Councillors have been briefed on the city’s mediation position in camera, and another meeting with the parties was held this week. Most of those involved are circumspect, but West-Carleton Councillor Eli El-Chantiry confirms the city is going to fold. The details are expected to go to council in January.

Surely Chiarelli won’t be crass enough to try to turn this loser to political advantage by pretending that the city retreat is somehow inspired by this week’s rural summit. El-Chantiry says the city has no choice but to give in. The city’s position is “unsound and ridiculous,” he says, and it had “no hope in hell” of winning at the OMB.

“When are we going to learn?” he asks. “Let’s stick to what we can do and work with these people instead of fighting.”
El-Chantiry doesn’t think that ending the pig fight can be a winner for the mayor.

“How much credit can he take? He’s one of the ones who originally supported it.”

The city does come away with a crumb. It is monitoring the health of Sarsfield residents and the quality of the surface and groundwater. It’s a last attempt to make some sense of its position, but it’s an empty gesture. Even if the farm is found to have contaminated the water, that’s the ministry of the environment’s jurisdiction, not the city’s. And how is this particular farm really any different than any of the others that spread liquid manure on their fields?

The hog farm fight was perhaps the best symbol of the city’s failure to understand agriculture. Why would a group of politicians downtown, most of whom don’t know one end of a pig from the other, be the ones to tell a farmer how large his operation should be?

Phil McNeely was the city councillor who fought hardest against the hog farm. He is now the MPP representing Ottawa-Orleans. McNeely still defends the seven-figure expenditure of public money as worthwhile.

“It was a fight that should have been fought, and it should have been won,” he says, while acknowledging that the provincial legislation is, and always has been, supreme.

“I don’t like the legislation but I can’t change it,” he says. The MPP concedes that his fight against the pig farm probably helped him get elected. “It certainly gave me a high profile in the community.”

McNeely’s successor, Rob Jellett, says the city had valid concerns about the health and safety of Sarsfield residents, but provincial legislation limits its role.
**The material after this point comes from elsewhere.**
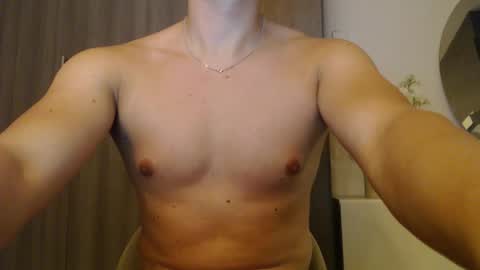 Snapshot of erikxnx chatting on February 2026 05:39:02 PM Erikxnx online show from February 2026 05:39:02 PM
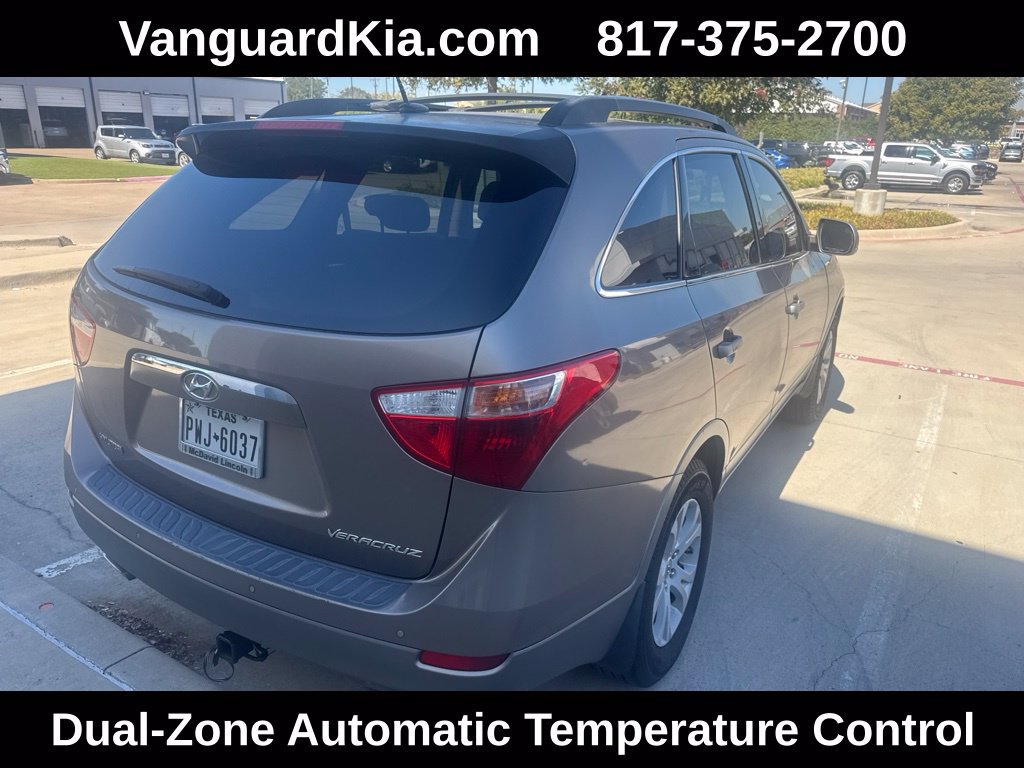 Used 2010 Hyundai Veracruz GLS FWD image 3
“Why spend any more money on something we can’t win anyway?” Jellett says.

As is so often the case at city hall, one has to ask where the accountability is. Over a four-year period, councillors wasted $1 million of our money on a fight their own staff told them they couldn’t win. Throughout, they acted with the kind of irresponsibility one so typically sees when people are spending someone else’s money.

The height of absurdity was when they took their own chief building official to court and the taxpayers were paying for one lawyer to defend her and another to attack her.

And this is the same council prepared to spend $200,000 a year running and following up on a snitch line to see if their employees are wasting money. If they want to find waste, all they have to do is buy a mirror.